Friday, October 12, 2007


A Brief Interview with Penney Peirce about Intuition Development

When did you first recognize your intuition? Was your young life guided by intuition?
I can't say I was intuitive in any special way as a child growing up in the Midwest. But I do feel I've been a spiritual detective all my life—looking below the surface for the hidden dynamics of life. When I was young, I didn't believe that germs made people sick, or that surgery was the only solution for disease. There must be deeper causes. . . For years I wouldn't say the word "God" because I didn't know what it meant—I couldn't believe God was an old man on a throne in the sky. I mused about why wars were fought over religion, and decided I would find the core truths in every religion—and THAT would be what I would believe!

It helped that I grew up with a strong connection to nature and communicated with my many pets telepathically. I also spent hours alone looking out from bluffs, hilltops, and tree branches, or next to streams in the woods. At the same time I was enthralled with art, drew endlessly, had inexplicable urges to write poems, and kept a journal since age seven. I also began remembering my dreams quite early. So something was at work! It would have been nearly impossible back then to decide, "I'm going to be a professional intuitive when I grow up," so somehow, by zigzagging away from things that bored me, and toward things that lit me up, I have arrived at a goal I didn't know I had!

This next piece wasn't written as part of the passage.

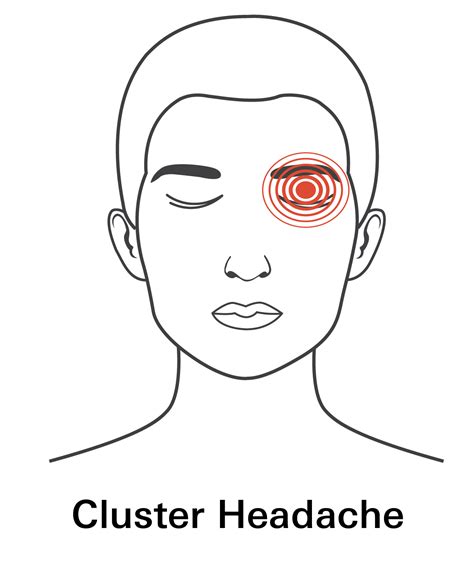 Types of Headaches and How To Treat Them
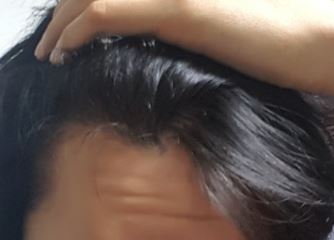왼쪽이마입니다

For instance, I studied interior design in college, but got sidetracked by a small course on the "Psychology of Spaces," something like what feng shui is today. This rang my inner bells, and I decided to pursue "environmental design"—the closest thing I could come to what I thought I wanted. This led me to California Institute of the Arts, and an experimental program in "Social Design," which was taught by a team of psychologists, sociologists, urban planners, and various kinds of designers. We did projects like: redesign the elevator so people will talk to each other inside, or redesign the funeral, and we looked at questions like "What affect does advertising have on mass consciousness?" This taught me about working with patterns and "design thinking." All this was great preparation for becoming an intuitive.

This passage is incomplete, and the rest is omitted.